Brigham Yen was among the first to feel the one at 7th and Hope streets, 16 steps beneath the surface of the sidewalk.
When he documented it on his blog about a month ago, the news spread fast to others tracking downtown development.
“Wow, this is almost too good to be true!” one reader commented. “This is very awesome news,” agreed another.
The object of their glee, still under construction: a small shop with a glass front and a young owner who planned to sell coffee, fresh-squeezed juices, salads and sandwiches.
The excitement, however, was not over what Andrew Cohen would serve.
In subway stations all over the world, travelers can buy things — newspapers and magazines, coffee and candy bars, aspirin, tissues, cough drops, and even, in some places, meals. That hasn’t been the case in L.A., which has rankled boosters who want this city to hold its own against the big boys, above and below ground.
Rush Snack Bar, which Cohen expects to open sometime this weekend, will be the first retail establishment underground in a Los Angeles Metro station.
Or close enough.
It is, in fact, a former basement storage unit for 655 Hope, an apartment building that used to house offices but now bills itself as “the ultimate urban living experience,” with “live-work, flexi-space units” and kitchens of “stainless steel motif.”

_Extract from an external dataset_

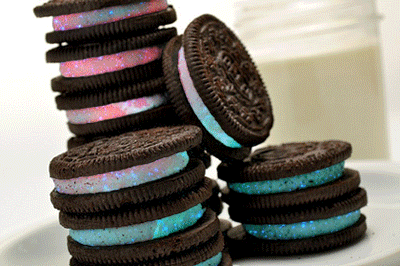bad-ass-cookie-galaxy-oreo-cookie-yum-Favim.com-231797.gif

The shop is not on Metro property. And it’s not on a subway platform. But it fronts a corridor leading in and out of the 7th Street/Metro Center station, and those entering or exiting on the Hope side will pass it, going up or down the stairs.
To Yen, a self-described “transit and urban geek,” that’s worth celebrating.
“I just feel there’s not a lot of love for this city. I think the city needs cheerleaders. It’s important to be rah rah rah, and really kind of focus on the steps that are made in the right direction instead of the two steps backward,” said Yen, a 30-year-old sales agent for the online real-estate brokerage Redfin.
“I’ve looked at stations in New York and Madrid and other cities. They are so cool. They have all these shopping options and eateries. L.A. is more utilitarian,” he said. “So when I saw the snack bar, I just about flipped. I was like, ‘Wow, this is symbolic. This is what other cities have.’ I like to call it urban maturity, L.A. maturing.”
Cohen, 24, had hoped to open Friday — in time for the big “Carmageddon” weekend, when some subway lines would operate for free. He passed his health inspection. His two staffers came in early on opening day. The place looked spiffy with its blackboard menu, bright reds and yellows, and wall of urban-chic reclaimed wood planks. He looked hip too, in dark jeans and a fitted blue and black lumber shirt.
He spoke of pulling inspiration from European travels, and said he’d offer discounts for Metro riders and Metro employees.
“People are telling me that it’s revolutionary,” he said of the little shop.
But he was having a sort of Barmageddon — a malfunctioning cash register, a front-window sign slow to arrive — that left his actual moment of opening uncertain.
Still, at morning rush hour, hundreds of people paused to look — lawyers wearing suits, young fashion and design students wearing hardly anything.
Some lifted bikes up the stairs. Others spit in the corridor’s trash bins or dug around for scraps. One woman in a swimmingly large T-shirt, worn jeans and flip-flops said loudly to no one and everyone, “How do you like that? There’s going to be snacks.”
It’s the smallest of shifts, a blip, a pebble plopped in the ocean. But it has been noted.